In my head, in order to elaborate on that idea, I thought I wanted there to be something digital on the cape. And so the idea was that this plastic cape was not simply there for covering but it was also decoration, like all clothing is, and the dragon was supposed to be this other digital display that constantly moves throughout the fold of the plastic fabric.

We’re still trying to perfect that in color. I think we got closer in Adventure #523, because the interesting fact about plastic is what makes it look like plastic is the way it catches and reflects light, and so I had a lot of conversations with the colorist about that. And then we’re trying to treat her color a little bit. I added specific color palettes for each character, and so hopefully will see more of those tweaks in the issues themselves.

Nrama: So when you came up with the designs for the new characters, you had specific colors assigned to each of them?

Jimenez: Oh, yeah. That’s a design thing. If I have a certain amount of characters, I want to be very, very careful that there aren’t too many with the same color palette and that the colors themselves bring out some quality of the character. So with a character like Dragonwing, you have some really wonderful imagery.

When I was designing Dragonwing, I was looking at Asian dragons, and there was one specific image where I just loved the color palette, which was sort of rich red blue and green, and I said, oh, that’s it. Those are her colors. And her hair is sort of crazy, spiky hair, but I wanted it to be much more vibrantly red, so she would always pop in a crowd. But yes, I always design teams and costumes thinking about their color palette.

Nrama: Then you have Gravity Kid, whose costume looks a little bit like a throwback costume. Was that the idea behind it?

Jimenez: His costume is absolutely a throwback. The character himself is a huge fan of and student of the Legion. So he's really book smart about the Legion. He might know a lot about Wildfire’s powers or Dream Girl’s battle skills, but he might not be able to tell you anything about them personally.

The sensibility of his costume was inspired by the older, sexier Mike Grell costumes. And so he’s the one that kind of wears the sort of open shirt, skin tight. I wanted something sexy and proud of it, partly because he works out for that body and partly because, well, this is something the Legion would have worn, you know, back in 2487. Think of how, in current day, the ‘80s are coming back in modern fashion, and imagine him wanting to look like that era of the Legion.

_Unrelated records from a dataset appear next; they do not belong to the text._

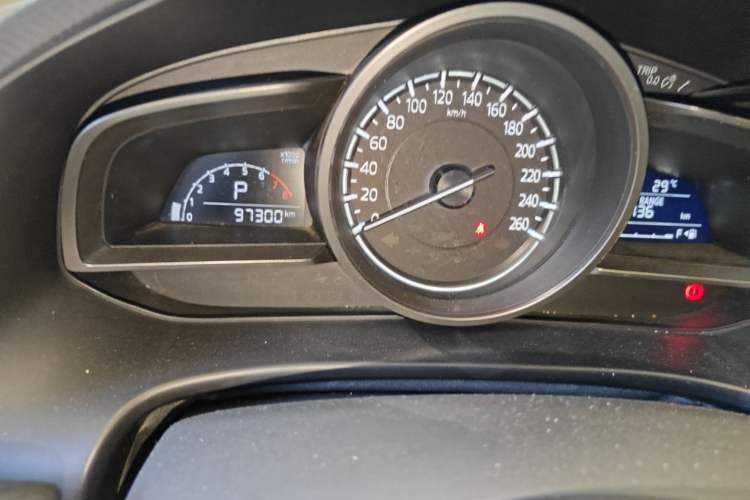 Used Mazda 3 Axela 2017 Sedan 1.5L Automatic Comfort Model Emission Standard China V Odometer Close Up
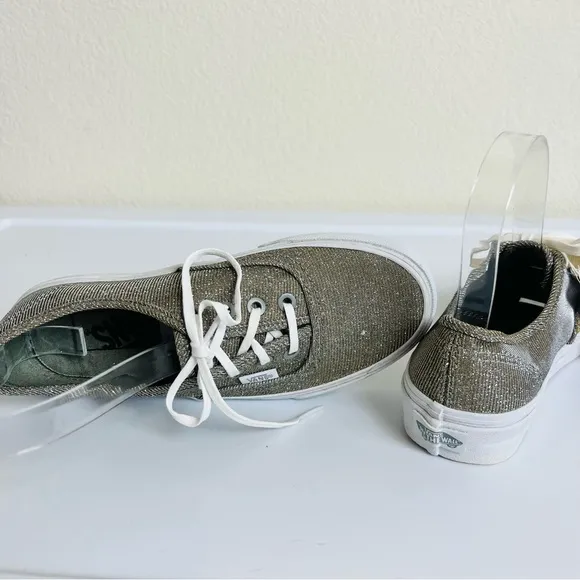 NWT Gold Glitter Sparkle Metallic Era White Lace Up Sneaker Vans Skate Shoes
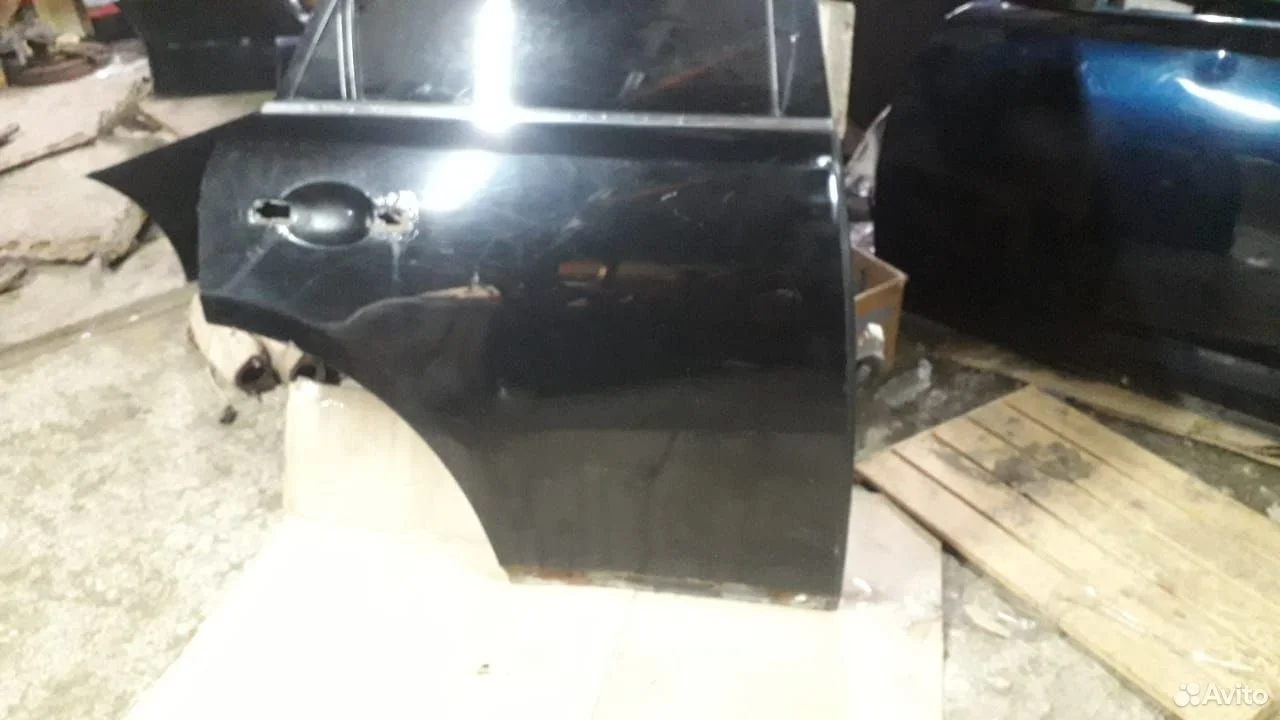 Дверь задняя правая Infiniti FX35 FX45 S50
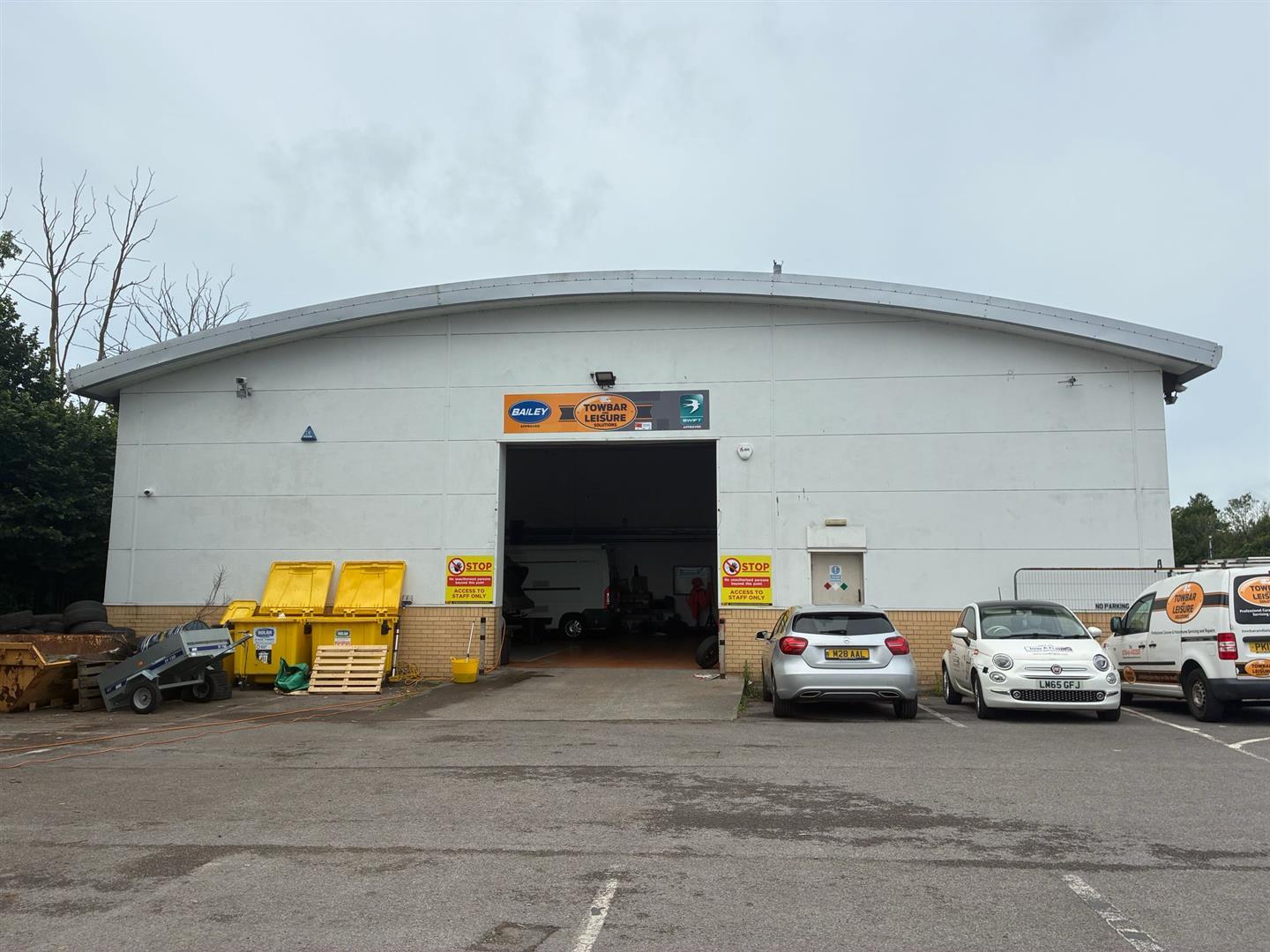 Showroom/Business Unit, Waterton Lane Bridgend, CF31 3YY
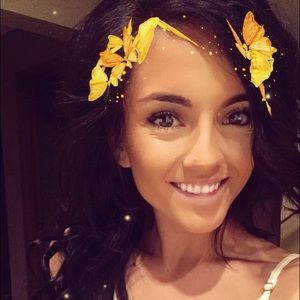 Meet your Posher, Amira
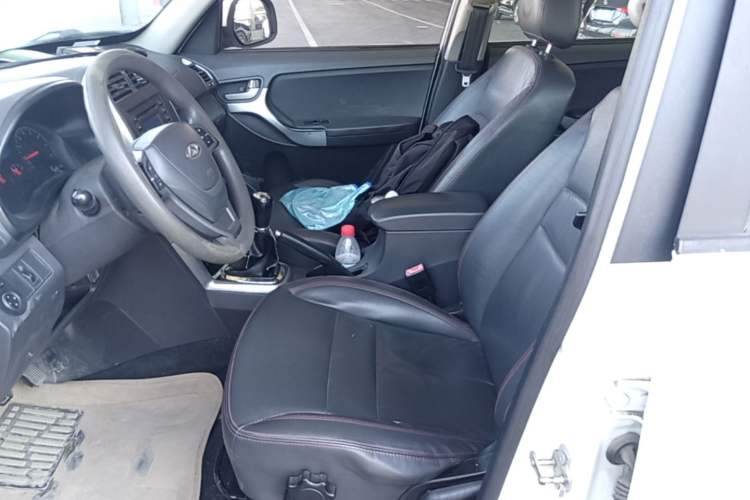 Used Chery Tiggo 3 2014 1.6L Manual Zhishang Edition Left Front Seat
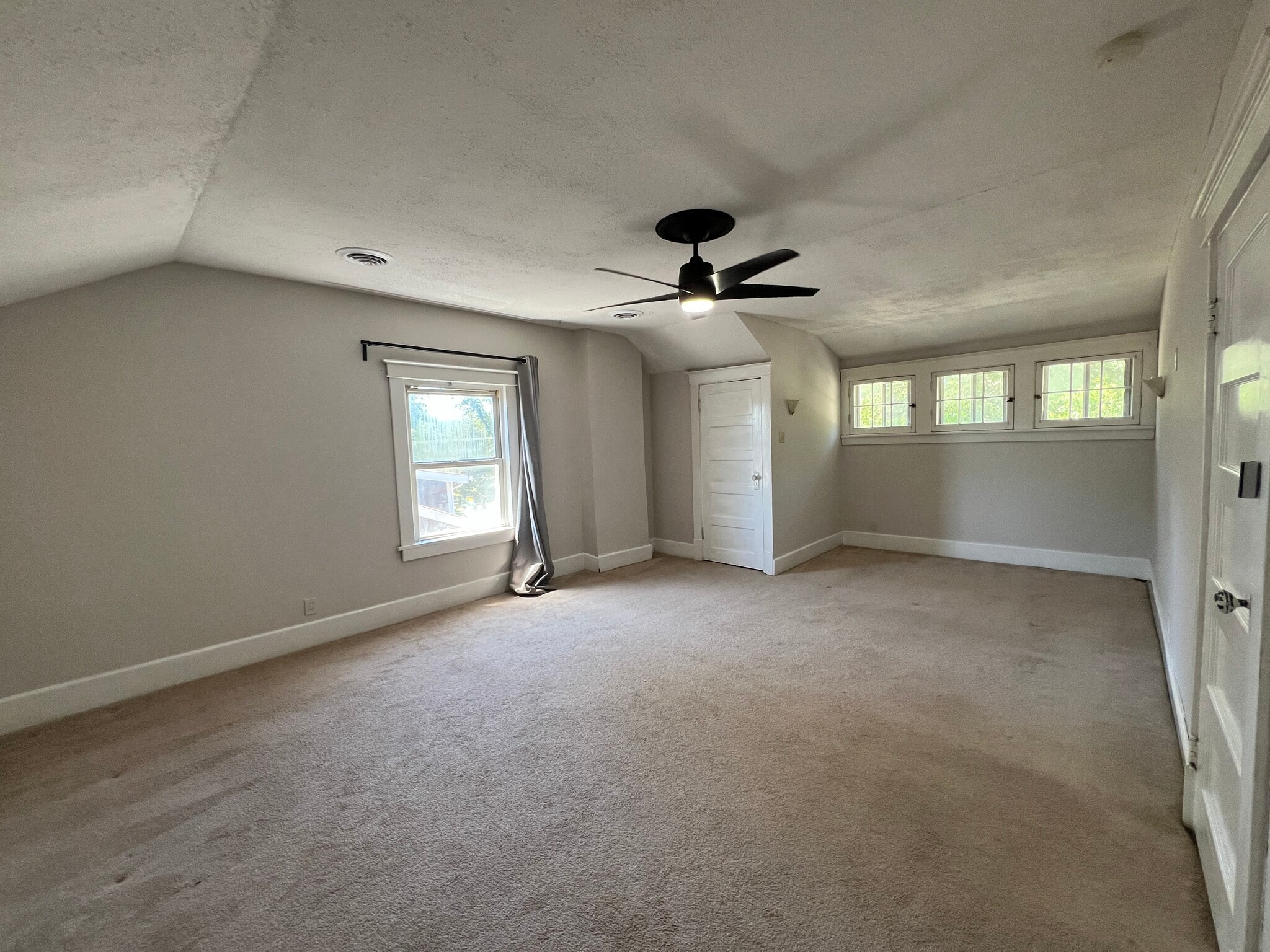 Master bedroom - 8242 Buchanan Ave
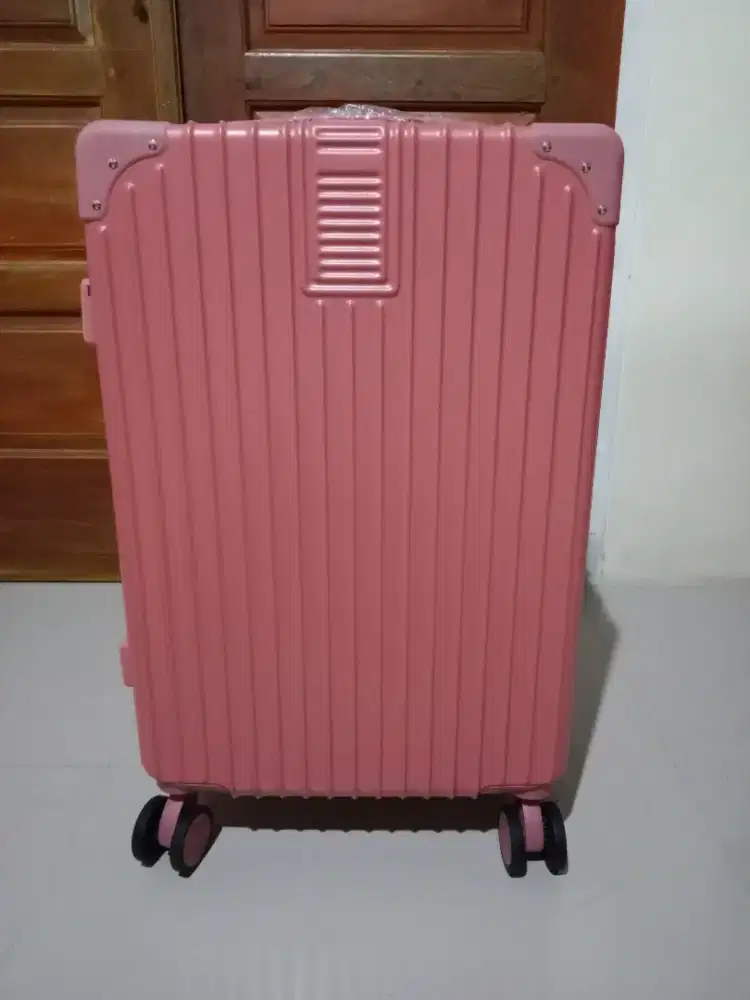 Koper Travel 22 Inch Warna Pink Kondisi Baru Like New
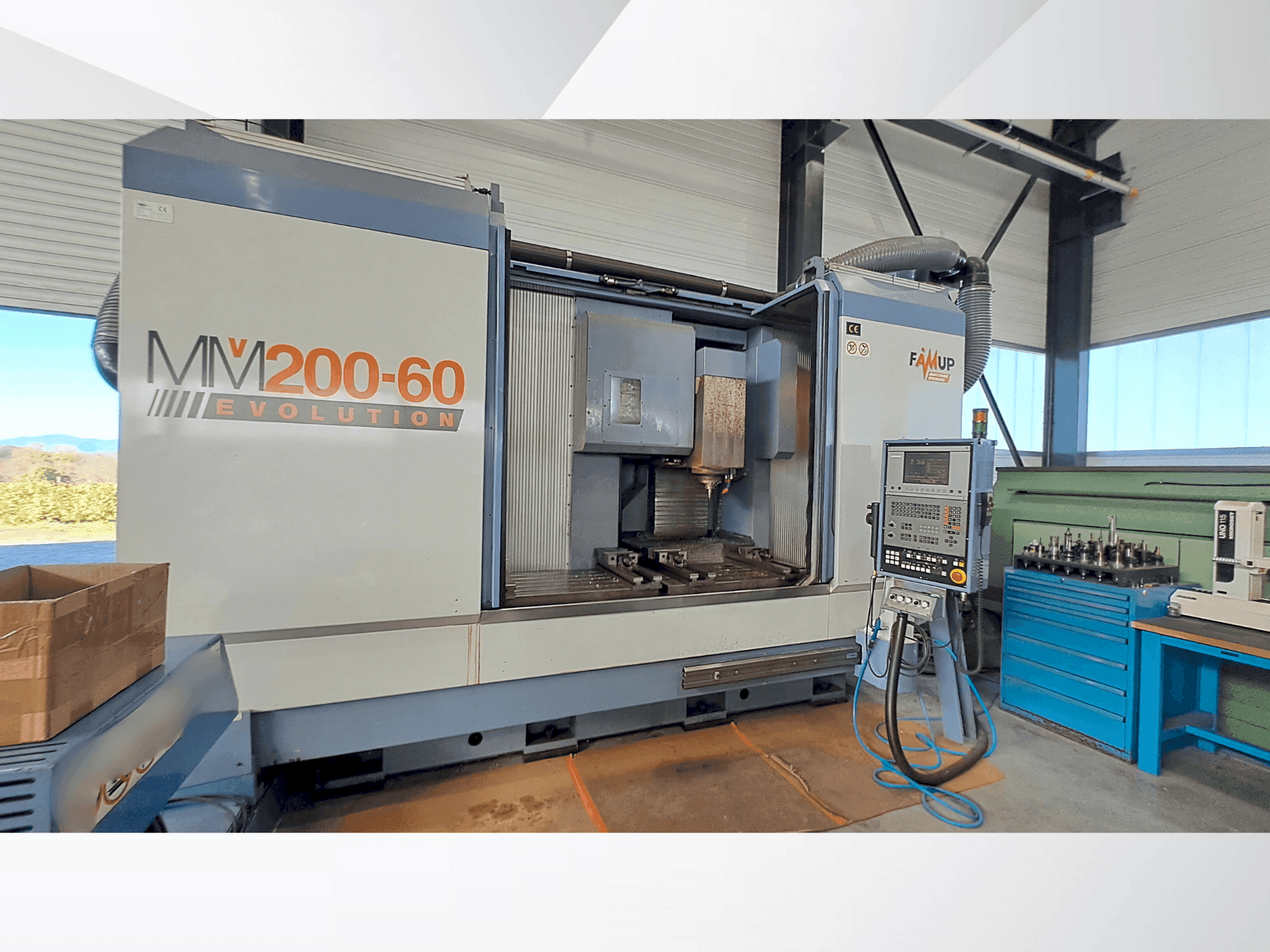 Vooraanzicht van FAMUP MMV 200/60 machine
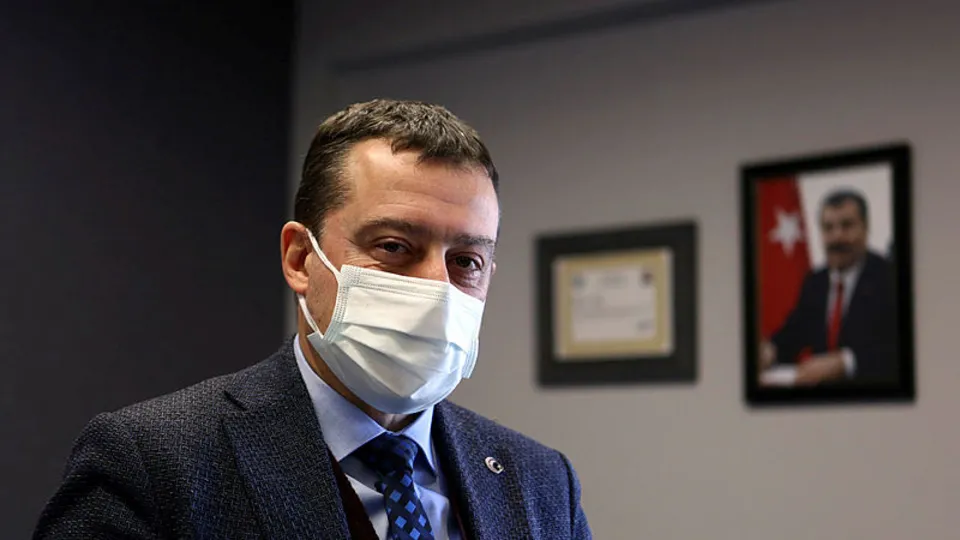 "Çok yüksek risk" grubundaki Trabzon için "cenazelere duayla katılın, taziyeyi telefonda yapın" çağrısı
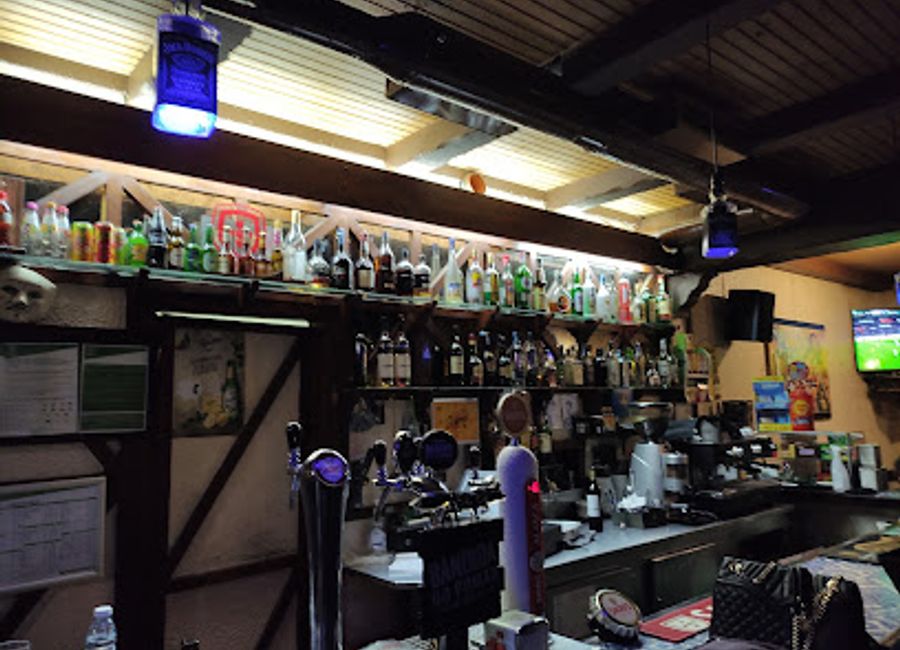 Discover the charm of Mellow Bar, Wine & Blues in Teixoso, where live music and fine wines create an unforgettable experience for every traveler.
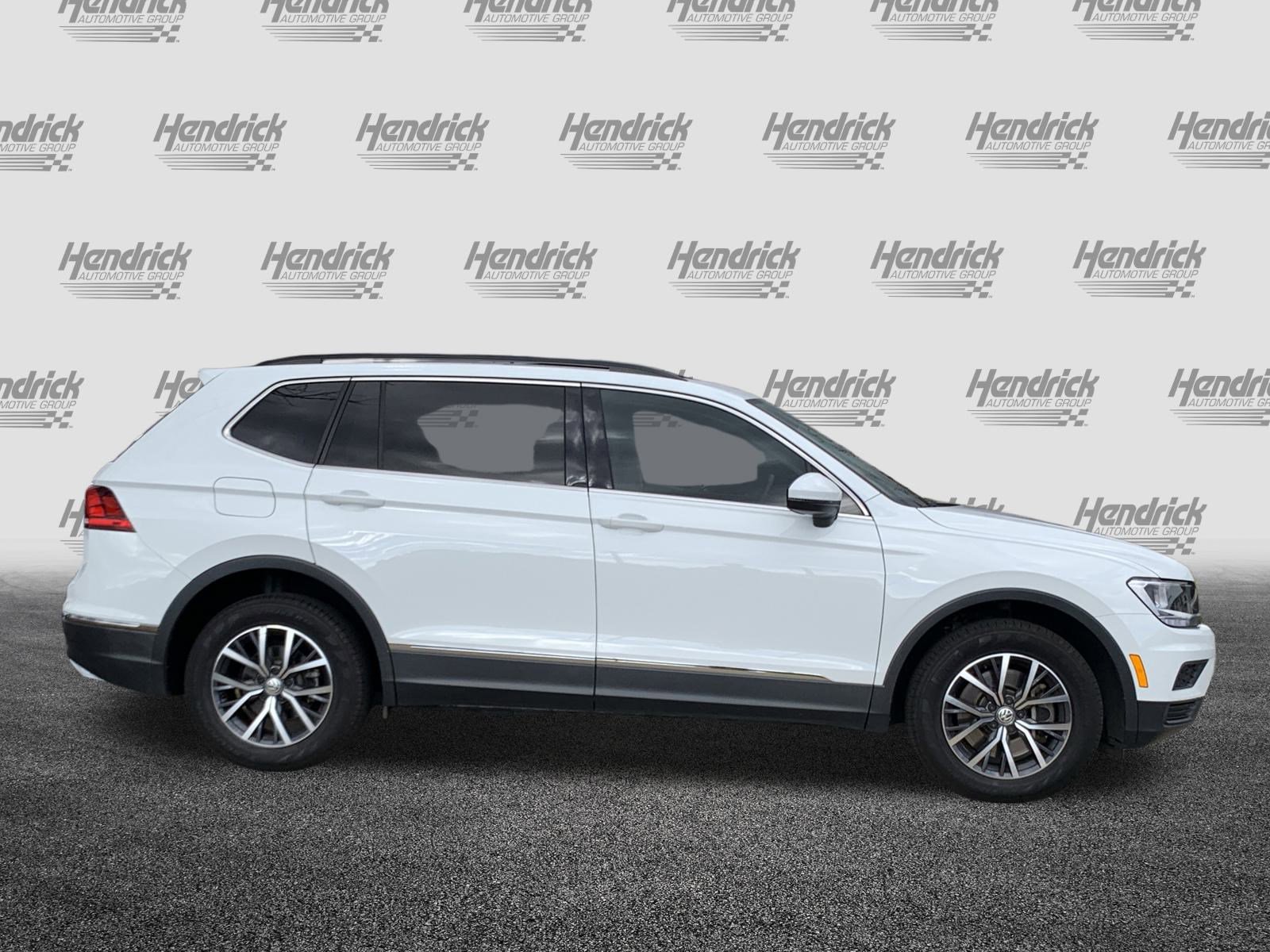 Used 2020 Volkswagen Tiguan SE w/ Panoramic Sunroof Package image 11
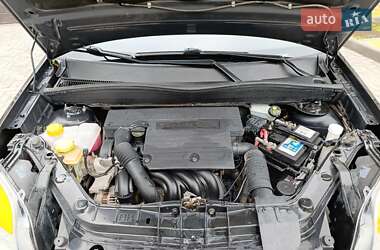Хэтчбек Ford Fusion 2011 в 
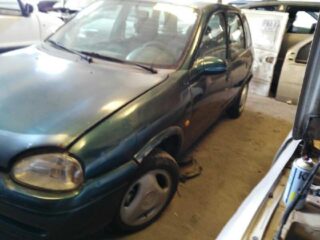 PUERTA TRASERA DERECHA OPEL CORSA B Fresh - fotografía 3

Nrama: Chemical Kid's costume looks very futuristic, but really superheroic.

Jimenez: In my head, that's the most traditional costume. But you're right that he's got a costume that seems to have fabrics you would only see in the future. He’s the rich kid, and I wanted a costume whose fabrics represented this. So each aspect of the fabric is something really exclusive in the 31st century. I’m not sure that comes across so easily, but that’s still something we’re trying to perfect. And he has digital sunglasses that he wears all the time, and he’s kind of obnoxious about them. So Chemical Kid’s costume is really, I’d say, kind of traditional. The cut is also – I guess there’s a bit of that Neo Matrix look in that the cape comes not from the shoulders, but from his waist.

Nrama: And then we have Variable Lad, who's more alien-looking than the rest.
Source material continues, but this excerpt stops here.